+++ SUPPLIED RECORDS +++

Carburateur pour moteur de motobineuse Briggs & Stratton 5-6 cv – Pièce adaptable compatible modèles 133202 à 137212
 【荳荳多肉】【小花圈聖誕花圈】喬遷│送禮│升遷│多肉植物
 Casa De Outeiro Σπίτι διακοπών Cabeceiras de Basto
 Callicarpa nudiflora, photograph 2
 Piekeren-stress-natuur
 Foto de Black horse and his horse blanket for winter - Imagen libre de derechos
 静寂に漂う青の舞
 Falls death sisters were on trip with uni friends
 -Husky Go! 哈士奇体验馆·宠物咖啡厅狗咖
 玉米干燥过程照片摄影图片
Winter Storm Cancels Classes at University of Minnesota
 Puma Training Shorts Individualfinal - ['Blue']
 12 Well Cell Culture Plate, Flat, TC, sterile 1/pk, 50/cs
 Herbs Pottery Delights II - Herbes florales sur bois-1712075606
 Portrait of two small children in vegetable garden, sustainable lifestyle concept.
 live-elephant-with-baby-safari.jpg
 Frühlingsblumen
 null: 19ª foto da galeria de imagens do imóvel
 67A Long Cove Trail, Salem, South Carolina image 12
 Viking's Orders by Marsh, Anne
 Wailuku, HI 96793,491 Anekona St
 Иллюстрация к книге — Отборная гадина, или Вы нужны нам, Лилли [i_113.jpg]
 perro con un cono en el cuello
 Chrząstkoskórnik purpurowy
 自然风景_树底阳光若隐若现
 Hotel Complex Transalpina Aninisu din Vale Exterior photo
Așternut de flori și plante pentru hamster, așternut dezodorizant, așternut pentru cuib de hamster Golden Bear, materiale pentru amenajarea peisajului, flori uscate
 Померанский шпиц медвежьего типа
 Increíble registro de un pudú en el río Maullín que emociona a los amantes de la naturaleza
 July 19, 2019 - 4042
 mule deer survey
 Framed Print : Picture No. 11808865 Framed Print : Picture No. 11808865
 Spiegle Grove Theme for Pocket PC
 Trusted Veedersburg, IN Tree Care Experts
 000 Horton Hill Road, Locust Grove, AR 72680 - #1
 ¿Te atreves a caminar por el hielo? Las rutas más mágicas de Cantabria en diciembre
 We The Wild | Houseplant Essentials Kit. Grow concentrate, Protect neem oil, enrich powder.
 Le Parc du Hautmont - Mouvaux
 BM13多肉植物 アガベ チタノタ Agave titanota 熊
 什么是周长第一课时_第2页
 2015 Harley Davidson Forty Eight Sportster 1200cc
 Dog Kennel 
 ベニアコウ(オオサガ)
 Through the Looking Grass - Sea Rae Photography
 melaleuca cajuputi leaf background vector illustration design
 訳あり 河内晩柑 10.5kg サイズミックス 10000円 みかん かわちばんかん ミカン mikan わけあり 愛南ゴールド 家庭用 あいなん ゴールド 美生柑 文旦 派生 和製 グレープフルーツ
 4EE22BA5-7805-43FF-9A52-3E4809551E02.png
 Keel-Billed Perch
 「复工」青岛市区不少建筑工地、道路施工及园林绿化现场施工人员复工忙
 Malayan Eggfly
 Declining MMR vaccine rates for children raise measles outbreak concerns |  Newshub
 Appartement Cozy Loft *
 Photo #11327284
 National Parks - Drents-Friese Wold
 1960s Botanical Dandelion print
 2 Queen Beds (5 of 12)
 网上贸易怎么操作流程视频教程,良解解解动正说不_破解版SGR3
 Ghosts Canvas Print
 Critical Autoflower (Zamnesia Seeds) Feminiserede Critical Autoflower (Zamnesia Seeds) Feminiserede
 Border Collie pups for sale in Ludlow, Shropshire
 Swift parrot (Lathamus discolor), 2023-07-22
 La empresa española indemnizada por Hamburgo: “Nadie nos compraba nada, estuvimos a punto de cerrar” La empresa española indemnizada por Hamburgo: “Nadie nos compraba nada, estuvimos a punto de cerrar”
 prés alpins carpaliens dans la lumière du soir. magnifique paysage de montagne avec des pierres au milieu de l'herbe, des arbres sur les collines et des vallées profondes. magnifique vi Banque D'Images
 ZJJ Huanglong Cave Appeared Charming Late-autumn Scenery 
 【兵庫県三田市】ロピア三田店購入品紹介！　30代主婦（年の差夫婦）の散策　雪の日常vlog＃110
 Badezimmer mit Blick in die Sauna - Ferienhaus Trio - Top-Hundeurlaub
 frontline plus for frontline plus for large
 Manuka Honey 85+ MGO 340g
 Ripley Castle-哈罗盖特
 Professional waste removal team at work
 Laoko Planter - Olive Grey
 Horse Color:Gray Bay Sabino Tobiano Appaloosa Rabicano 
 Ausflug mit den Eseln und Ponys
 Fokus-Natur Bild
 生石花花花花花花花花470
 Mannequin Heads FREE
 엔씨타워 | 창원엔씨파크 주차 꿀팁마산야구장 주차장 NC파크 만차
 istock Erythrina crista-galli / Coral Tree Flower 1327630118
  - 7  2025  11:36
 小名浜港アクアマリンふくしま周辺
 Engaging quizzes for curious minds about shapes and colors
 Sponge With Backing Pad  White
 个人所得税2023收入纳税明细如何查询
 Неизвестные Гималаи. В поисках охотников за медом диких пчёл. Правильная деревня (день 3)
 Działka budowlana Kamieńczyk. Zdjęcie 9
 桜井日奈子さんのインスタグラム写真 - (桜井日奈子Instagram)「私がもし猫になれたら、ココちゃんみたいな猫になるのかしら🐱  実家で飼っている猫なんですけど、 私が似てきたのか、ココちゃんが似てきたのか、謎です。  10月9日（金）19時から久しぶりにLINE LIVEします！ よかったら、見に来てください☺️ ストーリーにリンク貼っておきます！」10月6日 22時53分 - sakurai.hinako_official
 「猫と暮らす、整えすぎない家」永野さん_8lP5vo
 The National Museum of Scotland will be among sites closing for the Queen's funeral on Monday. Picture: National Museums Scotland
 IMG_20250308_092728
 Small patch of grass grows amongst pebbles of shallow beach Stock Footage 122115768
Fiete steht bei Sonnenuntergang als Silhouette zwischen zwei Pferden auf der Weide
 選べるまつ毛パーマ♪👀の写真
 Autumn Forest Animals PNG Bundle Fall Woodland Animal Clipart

+++

- EXERCISE GOAL: Nothing but the lines from the first line of the listing above through the line holding "Piekeren-stress-natuur" should be reproduced, and each must match exactly.

- YOUR SOLUTION:
Carburateur pour moteur de motobineuse Briggs & Stratton 5-6 cv – Pièce adaptable compatible modèles 133202 à 137212
 【荳荳多肉】【小花圈聖誕花圈】喬遷│送禮│升遷│多肉植物
 Casa De Outeiro Σπίτι διακοπών Cabeceiras de Basto
 Callicarpa nudiflora, photograph 2
 Piekeren-stress-natuur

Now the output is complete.